Читаем Феномен Евгении Герцык на фоне эпохи полностью

Вместе со всем Серебряным веком Евгения напряженно размышляла над «проблемой пола». Ее искания здесь следовали установкам Иванова: мистагог ратовал за полное и, так сказать, имманентное раскрытие в человечестве женского начала, подавляемого всяким вмешательством «мужественности» («О достоинстве женщины»). Не случайно соответствующие идеи Евгения излагает именно в письме к Иванову: «Только Вами и моей любовью порождено это знание». Данное письмо 1910 г. – предельно откровенное, кенотически-исповедальное – созвучно ивановским представлениям о новом матриархате. Евгения в нем заявляет о своей «вере в тайну женскую, которая не вся раскрыта, которая раскрывается через нас, живущих, и раскрытие которой – для всего мира, потому что каждое новое большое восхождение совершается через новое в женщине». Общечеловеческий – надгендерный, так сказать, пафос христианства, Павлова убежденность в том, что для человека «во Христе» – в Церкви как Христовом Теле, пол утрачивает свою антропологическую ценность и власть, отрицались новым религиозным сознанием. Восходящую к «религиям бытия» ивановскую языческую интуицию Евгения хочет христианизировать: ссылаясь на преподобного Серафима (у него богоискатели Серебряного века находили порой подтверждение самым своим фантастическим идеям[883]), она признает в будущем «новую святость, женскую» и себя относит к ее первым ласточкам. Евгении 32 года, но по-женски она не определилась – «ни страстная любовница, ни монахиня, ни мать, ни артистка». Однако никакой ущербности от этого она не ощущает: «Дни мои полны, и всегда я в милости хожу, как настоящая женщина». И эту свою идентичность «Царь-Девицы» – глубокое чувство личного женского достоинства, связанное с целомудрием и всегдашней высотой помыслов (а отнюдь не с «феминизмом» по Иванову и Зиновьевой), Евгения хочет конципировать с помощью представления о новой женской святости, предвестником которой для нее было монашество бенедиктинок и намек на которую Евгения год спустя найдет в Обители великой княгини. «Я крепка теперь священным и ответственным сознанием и моей нужности миру, – делится она с Ивановым “последними”, глубочайшими для себя вещами. – Знаю, что и одиночество мое, и безбрачие нужно для того, чтобы во мне зрело не прежнее, монашеское, и не древнее, когда была мощь у женщины, а это новое, желанное»[884].

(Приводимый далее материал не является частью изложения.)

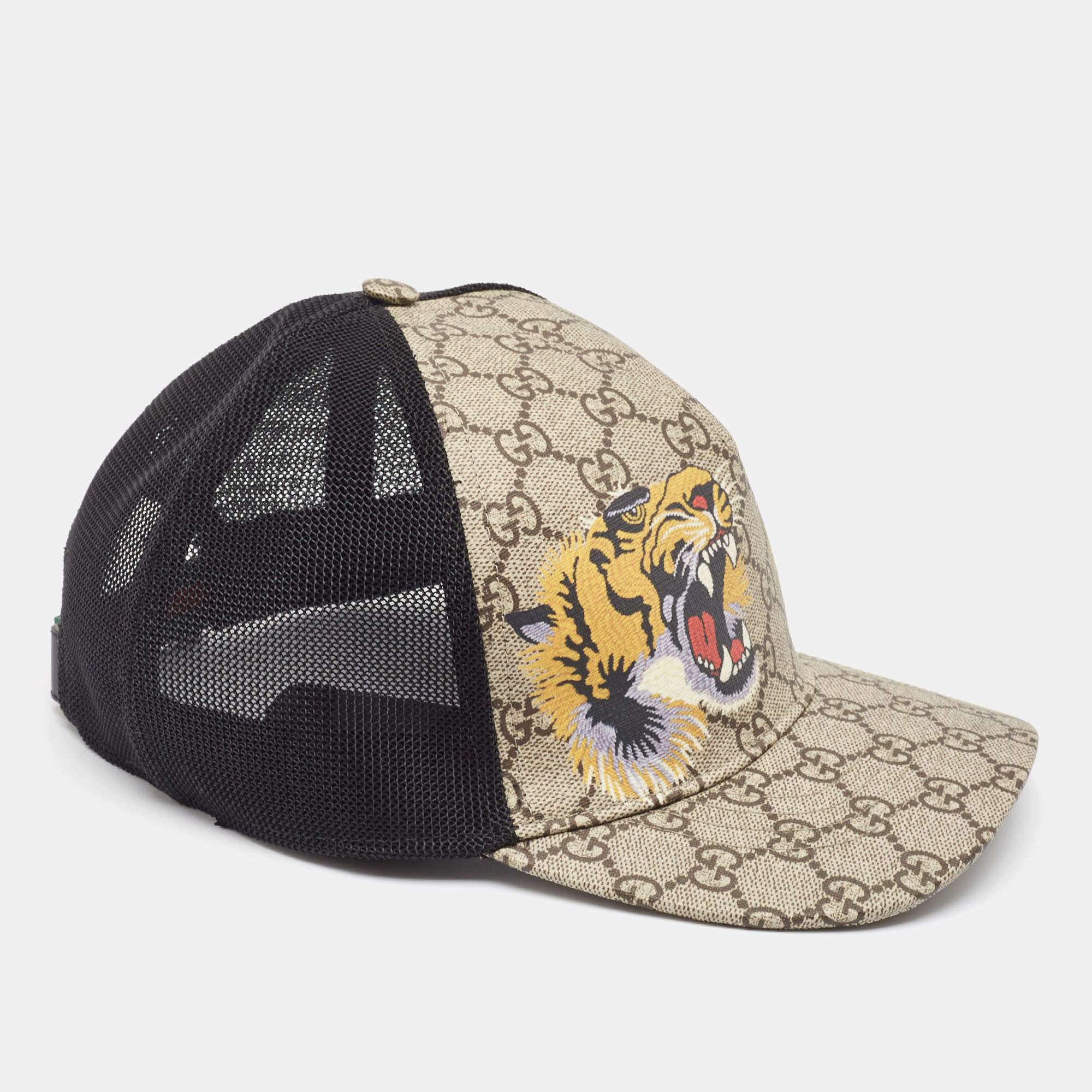 Gucci Beige Tiger Print GG Supreme Canvas & Mesh Baseball Cap XL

Более поздние дневниковые запись Евгении уточняют ее «женский» церковный путь. Дабы прийти к себе самой, она искала свой высший прообраз в евангельской мистерии. Все же не только с Марфой и Марией она мистически соотносила себя: свою любовь она возводила к материнской любви Богородицы; дева, она свой Идеал искала в Деве Пречистой. Идея семьи, материнства, детства, младенчества вообще была одной из главных для Герцыков; игра, дитя, колыбель – не только ключевые образы стихов и прозы Аделаиды Герцык, но суть и парадигмы ее жизненного строя[885]. Евгения же, не будучи матерью, пыталась концепт материнства постичь глубинами души, приобщив его к Богоматеринству Назаретской Девы. «Вернулась из церкви (судакской Покровской) – вот, вот тайна блаженная наша: пока Христос дитя, я – мать. Потому колыбельна так церковь»[886]: Евгении кажется, что вот она поймала свою церковную интуицию, на мгновенье мистически отождествившись с Богоматерью. В другом «уловлении» ее опыт расширен – «материнство» восполнено более для нее понятным «детством» (учитывая «Отче наш», это общехристианская, а не просто «герцыковская» интуиция): «Я прихожу туда (в храм) из своего восхождения как Мать любить Христа испепеляющей любовью, любовью колыбелящей, баюкающей; и вот уже я – дитя, я неведуща, я тянусь губами к Чаше»[887]. Эти образы желаннее Евгении, чем монашеский Крест, на котором «распинается» подвижник и которым он «распинает» мир: таинство – «Чаша» – не чуждо чтимой ею языческой «Земле», ибо соединяет тварную природу с Богом. Посредством этих образов Евгения одолевает внутреннюю бездну, спасается от ведомого ей инфернального страха. «Земля, Чаша, дитя – это Отец, Мать, Тот же, кто в другом своем лике – Ungrund и ужас», – Евгения имеет в виду двуликое божество манихеев. В ней, христианке, сохраняется ницшевски-бердяевский порыв «по ту сторону добра и зла»; у Мережковского он конципирован в сходном представлении о двух равноценных «безднах»… Зла, понятого как дьявол, ад, вечная гибель, – тем более зла, сопряженного с полом, религиозность Евгении, кажется, не признавала.